Soutenu par le commissaire, Mordent boitillait pour rejoindre le reste de l’équipe. Le lieutenant Froissy avait relayé Lamarre et s’était aussitôt occupée de l’approvisionnement et de l’installation du déjeuner sur la table du jardin. On pouvait compter sur Froissy, elle ravitaillait comme en temps de guerre. Maigre, affamée, l’obsession de Froissy pour la nourriture l’avait conduite à installer des planques farcies d’aliments au sein de la Brigade. On les soupçonnait plus nombreuses que les planques à vin blanc du commandant Danglard. Certains affirmaient qu’on retrouverait encore de quoi manger dans deux siècles au sein des caches enfouies dans les secrets du bâtiment, tandis que les bouteilles de Danglard seraient vides depuis longtemps.
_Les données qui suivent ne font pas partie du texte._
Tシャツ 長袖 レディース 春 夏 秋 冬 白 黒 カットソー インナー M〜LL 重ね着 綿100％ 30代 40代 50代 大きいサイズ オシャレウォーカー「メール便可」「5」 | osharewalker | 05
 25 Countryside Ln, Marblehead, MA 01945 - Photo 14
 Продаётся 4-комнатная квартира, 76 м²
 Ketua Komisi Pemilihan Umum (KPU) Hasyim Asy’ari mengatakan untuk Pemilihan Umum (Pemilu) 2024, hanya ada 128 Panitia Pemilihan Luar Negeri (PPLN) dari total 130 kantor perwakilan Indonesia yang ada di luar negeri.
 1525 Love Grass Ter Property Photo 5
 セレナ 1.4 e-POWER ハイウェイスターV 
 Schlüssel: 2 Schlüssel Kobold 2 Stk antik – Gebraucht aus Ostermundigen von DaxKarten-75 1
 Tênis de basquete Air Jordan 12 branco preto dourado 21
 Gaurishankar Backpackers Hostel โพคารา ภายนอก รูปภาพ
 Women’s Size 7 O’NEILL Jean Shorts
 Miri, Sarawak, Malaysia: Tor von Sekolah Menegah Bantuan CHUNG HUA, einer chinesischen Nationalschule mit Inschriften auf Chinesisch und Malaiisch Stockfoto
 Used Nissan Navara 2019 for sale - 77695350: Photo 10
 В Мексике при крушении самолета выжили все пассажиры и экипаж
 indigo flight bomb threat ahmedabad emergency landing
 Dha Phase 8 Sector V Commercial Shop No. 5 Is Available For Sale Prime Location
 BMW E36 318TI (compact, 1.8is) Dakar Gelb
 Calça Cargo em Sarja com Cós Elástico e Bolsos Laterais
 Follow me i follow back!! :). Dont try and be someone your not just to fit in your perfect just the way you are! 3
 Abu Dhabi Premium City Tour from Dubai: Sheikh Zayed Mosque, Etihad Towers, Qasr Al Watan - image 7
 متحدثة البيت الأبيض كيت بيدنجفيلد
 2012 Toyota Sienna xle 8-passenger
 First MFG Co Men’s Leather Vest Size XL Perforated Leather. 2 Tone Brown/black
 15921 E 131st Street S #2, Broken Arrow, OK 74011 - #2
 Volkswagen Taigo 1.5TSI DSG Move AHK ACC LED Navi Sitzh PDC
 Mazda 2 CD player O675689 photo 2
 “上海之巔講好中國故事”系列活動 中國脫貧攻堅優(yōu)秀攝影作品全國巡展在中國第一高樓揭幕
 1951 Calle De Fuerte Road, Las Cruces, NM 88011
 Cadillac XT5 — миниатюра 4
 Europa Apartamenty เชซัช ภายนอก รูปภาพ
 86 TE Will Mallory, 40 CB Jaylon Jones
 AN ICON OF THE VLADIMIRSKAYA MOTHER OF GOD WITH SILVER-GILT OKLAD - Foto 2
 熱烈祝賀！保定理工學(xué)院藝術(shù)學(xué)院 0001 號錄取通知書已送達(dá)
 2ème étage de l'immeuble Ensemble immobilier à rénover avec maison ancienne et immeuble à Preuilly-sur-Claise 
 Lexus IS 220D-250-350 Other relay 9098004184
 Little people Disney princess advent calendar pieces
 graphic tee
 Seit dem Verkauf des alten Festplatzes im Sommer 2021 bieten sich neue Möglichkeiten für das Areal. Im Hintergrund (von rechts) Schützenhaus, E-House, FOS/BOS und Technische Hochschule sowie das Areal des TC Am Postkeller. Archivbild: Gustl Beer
Le lieutenant Noël avait son idée sur Froissy. Noël était le membre le plus brutal de l’équipe, vulgaire avec les femmes, primitif avec les hommes, méprisant avec les prévenus. Il créait plus d’ennuis que de bien, mais Danglard estimait sa présence nécessaire, affirmant que Noël catalysait ce que tout flic a de pire au fond de lui et que, de sorte, il permettait aux autres d’être meilleurs. Noël endossait son rôle avec complaisance. Mais étrangement, il était informé mieux que tout autre des secrets intimes de ses collègues. Soit que sa façon rudimentaire d’aborder les autres brisât les digues, soit qu’on n’éprouvât pas de honte à lui laisser jeter un œil sur ses eaux douteuses, dès lors que Noël en était un spécialiste assumé. Noël affirmait donc que l’insécurité alimentaire du lieutenant Froissy était fiée au fait que, tout bébé, sa mère, tombée sans connaissance, l’avait laissée quatre jours sans l’allaiter. Que Froissy, résumait-il en ricanant, cherchait la tétée et la donnait simultanément, sans en tirer un seul kilo pour elle-même.